The bill ends the duty to retreat if:

  • The person using deadly force is lawfully present with reasonable belief they’re being threatened.
  • They’re not engaged in criminal or gang activity.
  • The person is not a felon.
  • Is not the initial aggressor

“I’m voting for this bill so that vulnerable people in the state, especially all of our daughters, our wives, and our spouses, regardless of their color, have an opportunity to defend themselves against aggressors,” Sen. Jason Rapert (R-Conway) said.

However, others in the Senate opposed the bill, saying there was no reason to change the current law.

“Is this the best policy to deal with the behavior of persons that it’s left to the one using the deadly force to form a belief, based on their perception of that person, that they use the deadly force against,” Sen. Stephanie Flowers (D-Pine Bluff) asked.
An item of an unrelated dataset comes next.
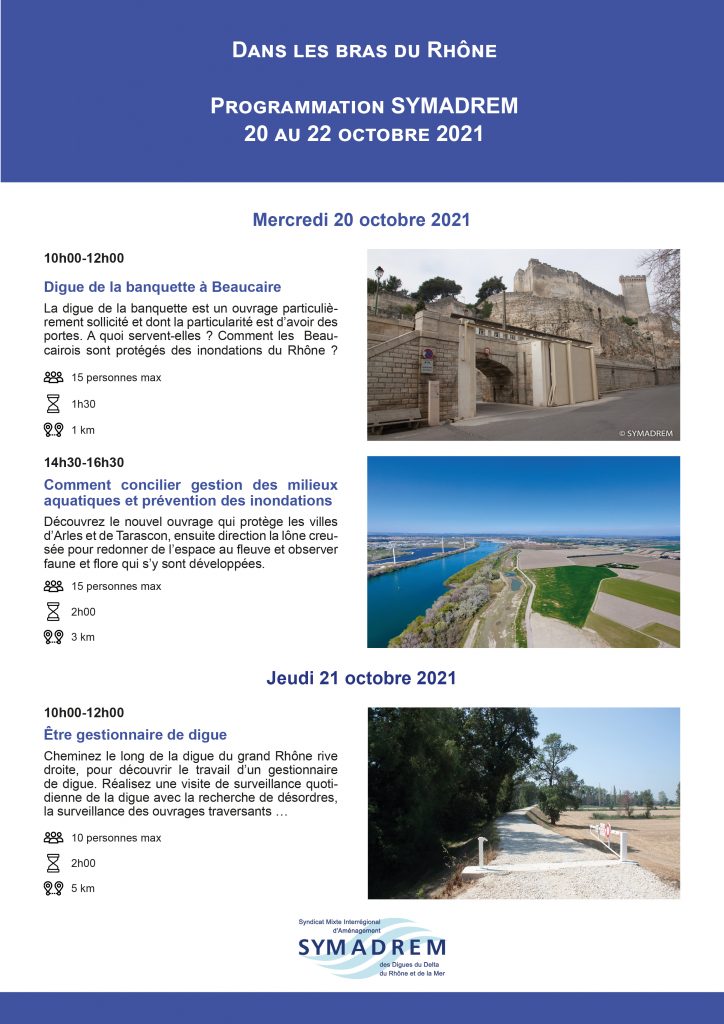 Dans les bras du Rhône - Programme SYMADREM 2021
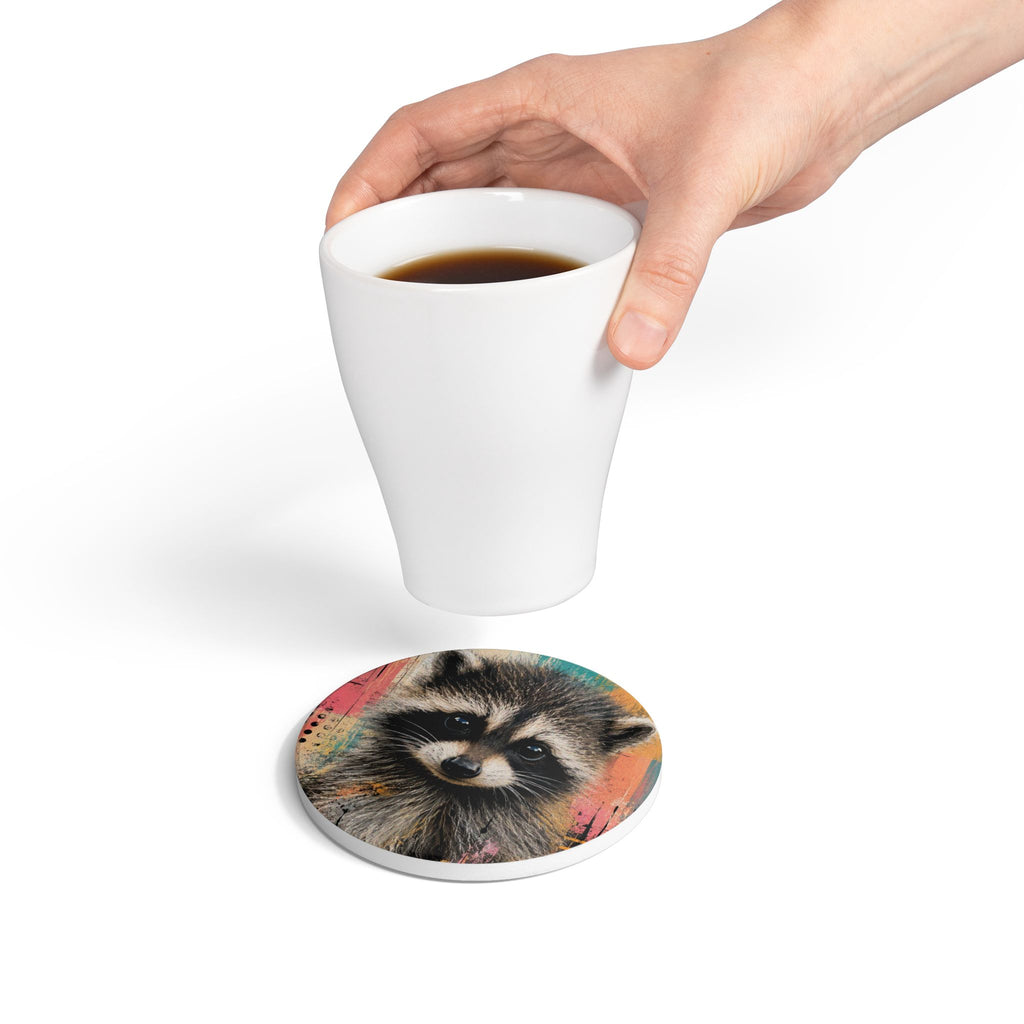 Jimothy Raccoon Ceramic Coaster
“I don’t think we ought to make it easier to kill,” Sen. Linda Chesterfield (D-Little Rock) added. “I don’t believe that Arkansas needs to have another Trayvon Martin case.”

This comes after the Arkansas Senate panel advanced legislation loosening restrictions on the use of deadly force in self-defense, two years after it failed before the same committee.

The Senate Judiciary Committee endorsed the proposal that would remove the state’s duty to retreat before using deadly force in certain circumstances.

According to content partner KARK, Ballinger (R-Ozark) said the duty to retreat aspect was being removed due to prosecutors not taking the issue into account as they look at cases.

It may be well-intentioned, but Ballinger said it was not the job of prosecutors to do that.

“I get that, and the only problem with that is that it’s not really their job. It’s their job to enforce the law, not to make good decisions what good and better policy is under the law,” Ballinger said.

Sen. Flowers (D-Pine Bluff), who opposed a similar bill in the 2019 session, said she was afraid the bill would turn people into “judge, jury and executioner.”

“But you got a gun, and they said the magic words, and so, ‘Pop,’ you’re just going to shoot them,” Flowers said.

The proposal failed before the same committee two years ago but was widely expected to win approval Wednesday, with five of the bill’s sponsors holding seats on the eight-person panel.